Secondo il report Hays Salary Guide 2025, oltre la metà dei lavoratori italiani è pronta a lasciare il proprio impiego. Il 51% degli intervistati prevede infatti di cambiare azienda (il 47%) o di mettersi in proprio (il 4%), una scelta dettata principalmente dalla mancanza di prospettive di crescita (44%), stipendi insufficienti (43%) e ruoli poco stimolanti (32%). Il 19% individua invece nel proprio manager una delle principali cause di insoddisfazione.
Se sei lavoratori su dieci dichiarano di essere soddisfatti della propria situazione professionale, solo l’8% si definisce completamente felice. Dall’altro lato, un 40% vive una condizione di malessere, che colpisce in particolare donne e over 50, spesso i più penalizzati dalle dinamiche aziendali. Questa fascia di lavoratori è «quasi rassegnata», convinta che all’interno della propria azienda non vi siano reali prospettive di crescita, e vede nel cambiamento di impiego l’unica via d’uscita.
Oltre alla retribuzione, sempre più lavoratori valutano altri aspetti prima di accettare un nuovo impiego. Il 49% degli intervistati indica i benefit come uno degli elementi più rilevanti nella scelta, seguiti da ruoli e progetti stimolanti (43%), ambiente di lavoro adeguato (43%), smart working (42%) e opportunità di crescita professionale (38%).
Attualmente, quasi il 70% dei lavoratori riceve qualche forma di benefit, tra cui buoni pasto, flessibilità lavorativa e copertura sanitaria privata. Tuttavia, i più richiesti sono lo smart working (53%), l’auto aziendale (46%) e l’assicurazione sanitaria (35%). Le preferenze variano a seconda dell’età e del genere: i giovani e le donne prediligono la possibilità di lavorare da remoto, mentre gli over 50 sono più attratti dai benefit materiali come l’auto aziendale.

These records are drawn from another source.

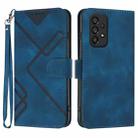 For Samsung Galaxy A73 5G Line Pattern Skin Feel Leather Phone Case(Royal Blue) - 1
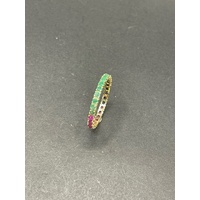 Ladies 14ct Yellow Gold Multi Coloured Gemstone Ring
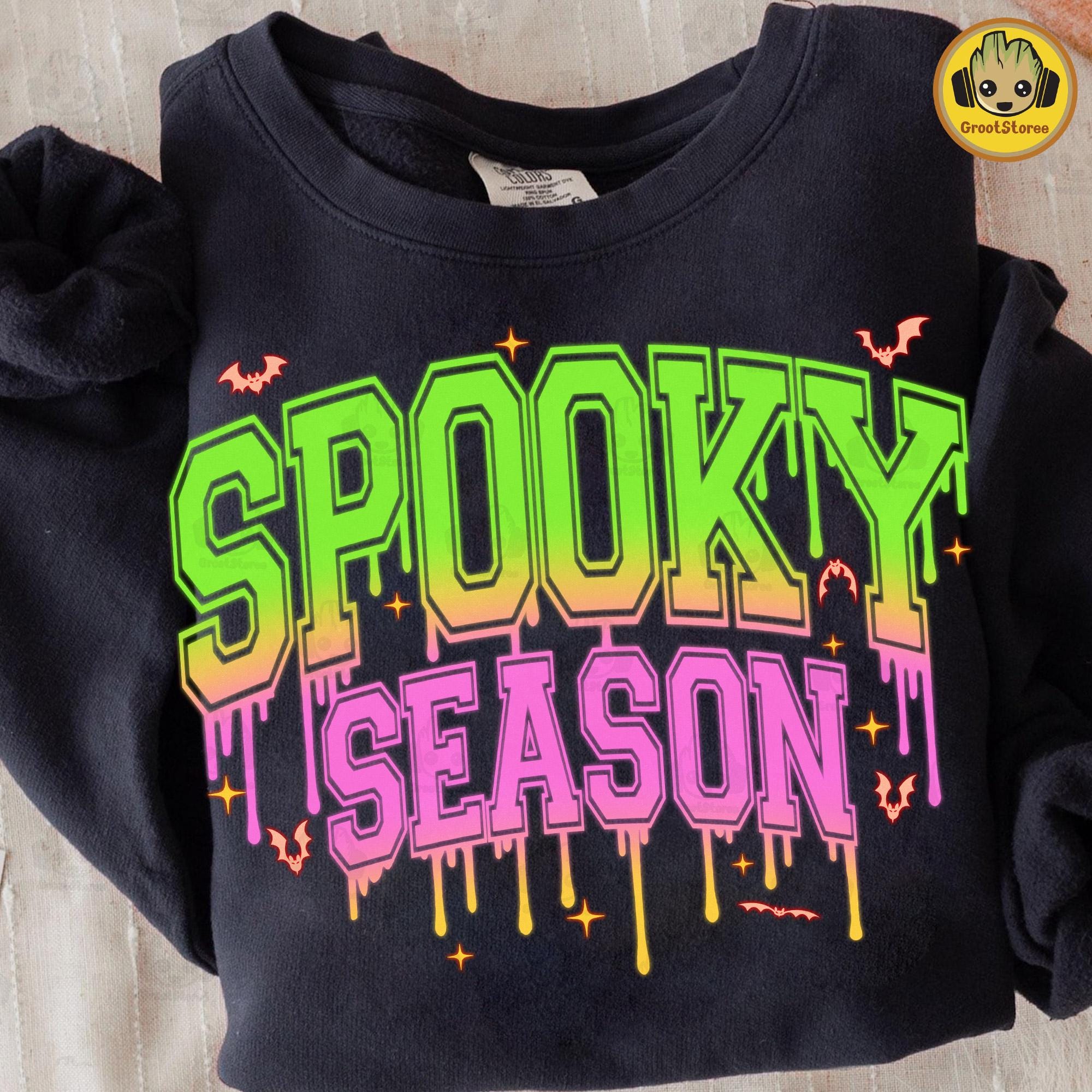 Trendy Spooky Season Halloween Png, Drip Spooky Vibes Png, Neon Bat Sublimation Design, Halloween Scary Shirt Design, Neon Halloween Png
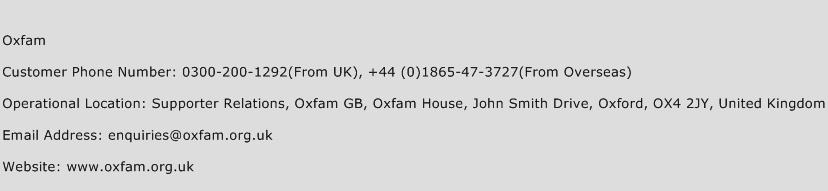 Oxfam Phone Number Customer Service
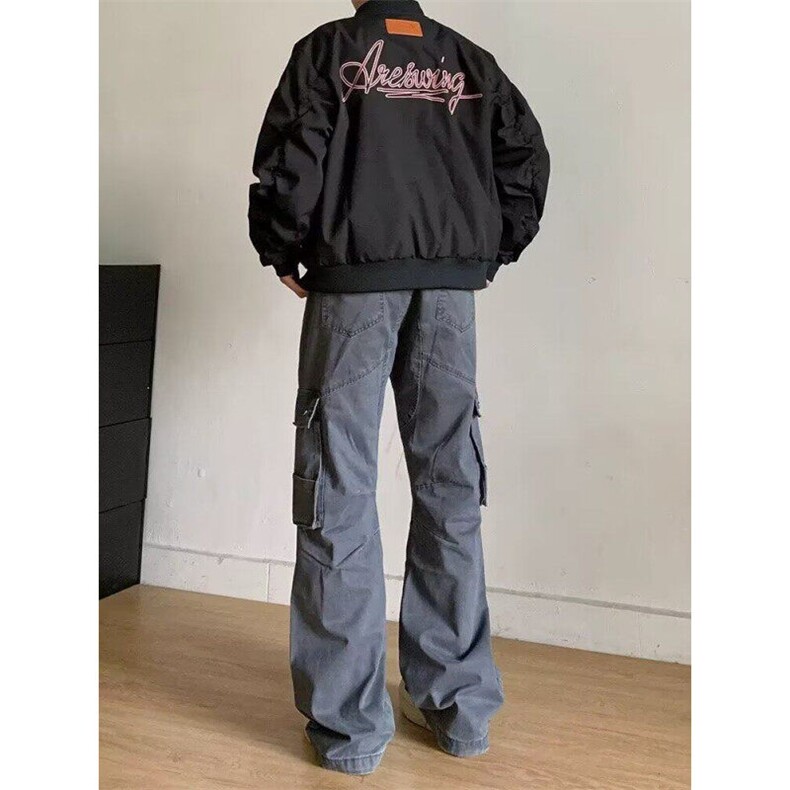 长袖美式街头魔术设计感飞行服夹克男女款春秋季潮牌宽松外套ins,男装夹克,星座506A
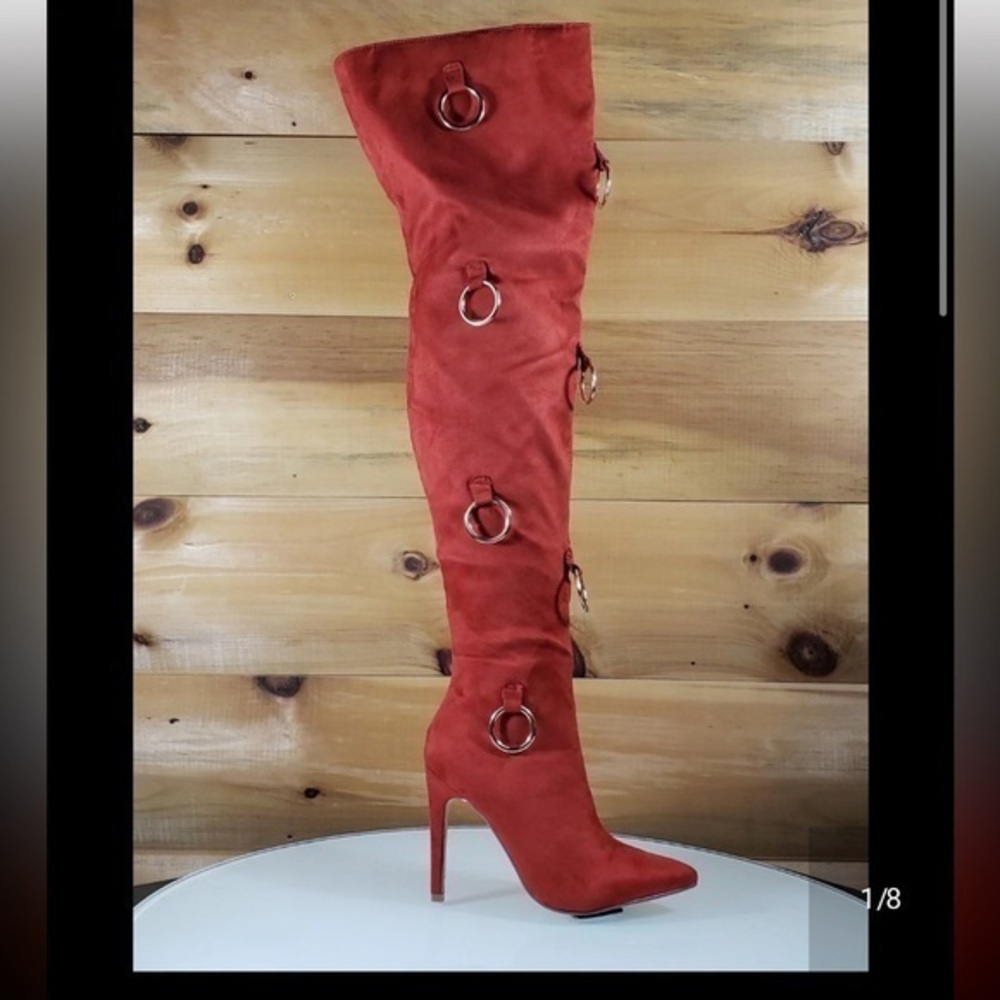 Cape Robbin Chic Red Over-the-Knee Boots Gold Rings Faux Suede Red Size 7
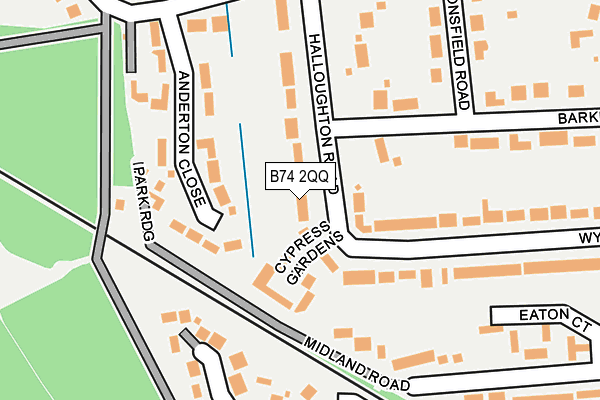 B74 2QQ map - OS OpenMap – Local (Ordnance Survey)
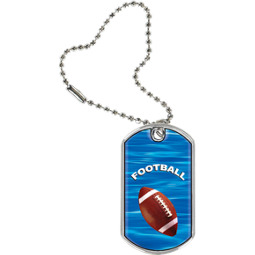1 1/8 x 2" Football Sports Tag with Key Chain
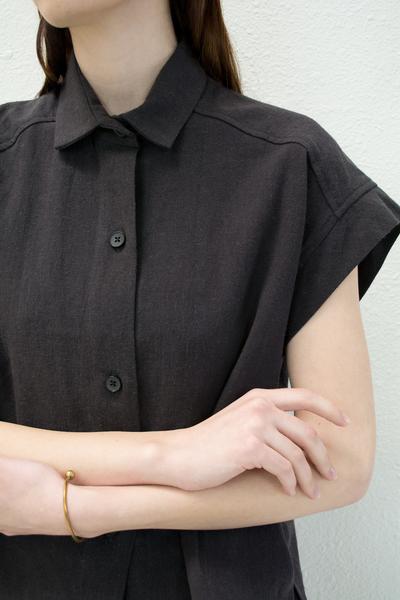 Micaela Greg Pieced Sleeve Button Up - Black Micaela Greg Pieced Sleeve Button Up - Black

L’indagine, poi, mette in evidenza un’altra problematica diffusa: l’incapacità di bilanciare vita privata e lavoro. Questo si riflette nella crescita dei “job creeper”, coloro che non riescono mai a staccare completamente dalle attività professionali, e nella stabilità della quota dei “quiet quitter” ossia chi svolge il minimo indispensabile, senza particolari slanci o coinvolgimento emotivo.